Pour l’instant, on sait bien que les fumeurs coûtent très chers à la société. (J’entends déjà la critique de l’argument : d’autres groupes « à risque » aussi coûtent cher et puis, est-on vraiment responsable de tout ce qu’on ingère grâce à l’industrie agro-alimentaire). On le sait, mais on ne le sent pas. J’imagine le tollé si la sécurité sociale refusait de rembourser les dépenses de santé liées aux problèmes respiratoire chez le fumeur, chose commune ici.
La solidarité, c’est faire face, ensemble, à des impondérables. La cigarette entre difficilement dans cette catégorie. D’où une sorte d’hostilité aux USA à l’égard des fumeurs et le fait que jamais au grand jamais, un fumeur ne se permettrait de fumer à proximité d’un hôpital et encore moins d’une école - deux pâtés de maison, c’est la distance réglementaire où il est interdit de fumer.

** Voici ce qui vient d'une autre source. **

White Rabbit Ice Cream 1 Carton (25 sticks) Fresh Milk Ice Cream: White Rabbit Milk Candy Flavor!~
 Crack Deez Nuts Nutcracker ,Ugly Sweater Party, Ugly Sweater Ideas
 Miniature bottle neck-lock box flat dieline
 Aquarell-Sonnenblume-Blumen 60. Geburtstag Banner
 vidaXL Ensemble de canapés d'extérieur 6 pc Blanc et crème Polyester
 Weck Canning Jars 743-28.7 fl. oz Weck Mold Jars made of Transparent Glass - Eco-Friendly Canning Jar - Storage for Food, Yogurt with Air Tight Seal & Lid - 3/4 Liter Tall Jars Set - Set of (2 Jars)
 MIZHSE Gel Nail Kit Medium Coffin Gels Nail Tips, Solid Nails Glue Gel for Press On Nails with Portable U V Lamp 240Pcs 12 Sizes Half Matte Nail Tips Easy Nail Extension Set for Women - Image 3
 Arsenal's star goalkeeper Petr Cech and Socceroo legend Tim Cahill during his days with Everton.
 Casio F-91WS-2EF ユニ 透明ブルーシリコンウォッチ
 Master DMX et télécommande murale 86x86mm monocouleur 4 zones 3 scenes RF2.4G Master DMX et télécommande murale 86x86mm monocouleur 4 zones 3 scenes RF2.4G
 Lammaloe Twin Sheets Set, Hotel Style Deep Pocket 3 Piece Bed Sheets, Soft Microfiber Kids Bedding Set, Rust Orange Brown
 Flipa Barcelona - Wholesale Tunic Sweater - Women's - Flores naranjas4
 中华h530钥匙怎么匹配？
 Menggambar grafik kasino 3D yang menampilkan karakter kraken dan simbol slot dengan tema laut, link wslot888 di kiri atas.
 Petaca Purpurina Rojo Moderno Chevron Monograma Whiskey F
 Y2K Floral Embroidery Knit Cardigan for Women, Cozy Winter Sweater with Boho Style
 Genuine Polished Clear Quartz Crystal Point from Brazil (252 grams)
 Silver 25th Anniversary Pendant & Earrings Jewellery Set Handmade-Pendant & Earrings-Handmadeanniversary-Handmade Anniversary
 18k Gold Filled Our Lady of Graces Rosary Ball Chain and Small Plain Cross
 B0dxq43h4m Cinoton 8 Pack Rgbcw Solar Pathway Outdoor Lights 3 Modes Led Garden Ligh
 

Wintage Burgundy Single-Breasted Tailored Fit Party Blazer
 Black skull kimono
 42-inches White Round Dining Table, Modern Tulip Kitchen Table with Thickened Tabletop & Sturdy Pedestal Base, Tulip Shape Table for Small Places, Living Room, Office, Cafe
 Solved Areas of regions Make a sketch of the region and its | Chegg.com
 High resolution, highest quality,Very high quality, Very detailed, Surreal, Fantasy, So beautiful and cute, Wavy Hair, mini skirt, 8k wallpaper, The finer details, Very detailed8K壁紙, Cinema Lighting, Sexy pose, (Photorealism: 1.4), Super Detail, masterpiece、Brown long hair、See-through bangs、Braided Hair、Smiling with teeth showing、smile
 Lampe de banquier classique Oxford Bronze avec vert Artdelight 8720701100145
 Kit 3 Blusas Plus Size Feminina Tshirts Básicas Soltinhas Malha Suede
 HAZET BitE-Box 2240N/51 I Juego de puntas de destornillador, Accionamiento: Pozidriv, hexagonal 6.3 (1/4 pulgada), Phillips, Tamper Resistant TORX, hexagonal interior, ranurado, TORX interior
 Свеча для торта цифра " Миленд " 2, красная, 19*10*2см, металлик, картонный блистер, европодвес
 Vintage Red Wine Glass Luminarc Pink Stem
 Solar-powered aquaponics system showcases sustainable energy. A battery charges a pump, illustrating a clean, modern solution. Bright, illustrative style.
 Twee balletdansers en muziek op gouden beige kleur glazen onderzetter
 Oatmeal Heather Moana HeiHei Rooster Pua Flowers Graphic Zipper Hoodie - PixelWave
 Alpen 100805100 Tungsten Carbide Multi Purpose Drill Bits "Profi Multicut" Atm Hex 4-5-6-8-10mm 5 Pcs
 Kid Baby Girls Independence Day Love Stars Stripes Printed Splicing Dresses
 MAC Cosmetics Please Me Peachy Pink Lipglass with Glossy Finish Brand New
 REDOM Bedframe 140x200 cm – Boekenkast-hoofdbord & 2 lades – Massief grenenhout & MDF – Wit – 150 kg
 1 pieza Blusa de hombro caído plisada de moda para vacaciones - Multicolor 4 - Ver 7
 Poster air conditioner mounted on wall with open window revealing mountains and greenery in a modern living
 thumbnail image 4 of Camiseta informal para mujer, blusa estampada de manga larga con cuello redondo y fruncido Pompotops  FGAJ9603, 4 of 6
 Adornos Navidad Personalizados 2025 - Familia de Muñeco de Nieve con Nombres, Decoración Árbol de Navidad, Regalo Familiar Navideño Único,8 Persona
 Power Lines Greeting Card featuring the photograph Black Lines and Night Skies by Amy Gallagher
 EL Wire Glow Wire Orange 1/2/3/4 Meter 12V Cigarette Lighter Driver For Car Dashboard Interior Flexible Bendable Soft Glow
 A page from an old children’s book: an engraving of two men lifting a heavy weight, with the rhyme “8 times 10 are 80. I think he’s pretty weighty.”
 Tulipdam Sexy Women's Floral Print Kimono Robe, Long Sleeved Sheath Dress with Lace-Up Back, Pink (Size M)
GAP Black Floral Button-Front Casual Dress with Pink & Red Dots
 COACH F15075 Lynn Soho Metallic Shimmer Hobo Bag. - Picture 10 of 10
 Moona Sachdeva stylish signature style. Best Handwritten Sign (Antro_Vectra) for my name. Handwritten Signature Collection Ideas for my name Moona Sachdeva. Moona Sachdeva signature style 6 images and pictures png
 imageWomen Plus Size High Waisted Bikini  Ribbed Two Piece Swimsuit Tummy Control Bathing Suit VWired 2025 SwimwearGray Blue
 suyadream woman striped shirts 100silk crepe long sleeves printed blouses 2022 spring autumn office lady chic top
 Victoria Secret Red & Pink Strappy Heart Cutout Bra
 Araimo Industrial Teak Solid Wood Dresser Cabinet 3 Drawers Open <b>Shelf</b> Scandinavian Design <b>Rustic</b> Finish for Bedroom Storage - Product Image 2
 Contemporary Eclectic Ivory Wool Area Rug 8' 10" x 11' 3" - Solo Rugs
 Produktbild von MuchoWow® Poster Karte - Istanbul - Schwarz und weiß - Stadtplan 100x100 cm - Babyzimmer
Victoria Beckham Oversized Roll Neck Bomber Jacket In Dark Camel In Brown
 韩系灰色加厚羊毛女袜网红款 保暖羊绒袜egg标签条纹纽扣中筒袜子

La plupart du temps, on fume au fond de son jardin, à l’abri des regards. Un jour, à Boston, une de mes amies de longue date m’a avoué qu’elle fumait. Elle attendait que ses enfants partent à l’école pour aller se cacher au fond de son jardin, sous une tonnelle épaisse afin de n’être vue de personne. Son secret lui pesait, elle était soulagée de le partager avec quelqu’un. Elle pensait qu’une Française serait plus compréhensive, et bien sûr, à l’époque, je m’étais demandé, si elle avait bien toute sa tête. Aujourd’hui, je me demande combien de temps cela prendra pour qu’on constate les mêmes comportements en France.